### EXERCISE BRIEF
The material must be copied out exactly, line for line.

[DATA EXCERPT — start]

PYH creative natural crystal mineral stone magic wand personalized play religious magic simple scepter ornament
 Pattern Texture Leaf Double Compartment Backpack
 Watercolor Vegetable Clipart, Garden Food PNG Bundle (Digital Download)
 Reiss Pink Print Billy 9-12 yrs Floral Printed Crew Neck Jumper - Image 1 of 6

[DATA EXCERPT — finish]

### SOLUTION TO THE PROBLEM
PYH creative natural crystal mineral stone magic wand personalized play religious magic simple scepter ornament
 Pattern Texture Leaf Double Compartment Backpack
 Watercolor Vegetable Clipart, Garden Food PNG Bundle (Digital Download)
 Reiss Pink Print Billy 9-12 yrs Floral Printed Crew Neck Jumper - Image 1 of 6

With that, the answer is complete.